### WHAT YOU NEED TO DO
Repeat the listing below exactly as given.
╭─ DATASET SECTION
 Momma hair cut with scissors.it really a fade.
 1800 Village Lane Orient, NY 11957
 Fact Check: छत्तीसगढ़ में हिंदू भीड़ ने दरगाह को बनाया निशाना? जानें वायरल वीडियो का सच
╰─
### RESPONSE AREA
 Momma hair cut with scissors.it really a fade.
 1800 Village Lane Orient, NY 11957
 Fact Check: छत्तीसगढ़ में हिंदू भीड़ ने दरगाह को बनाया निशाना? जानें वायरल वीडियो का सच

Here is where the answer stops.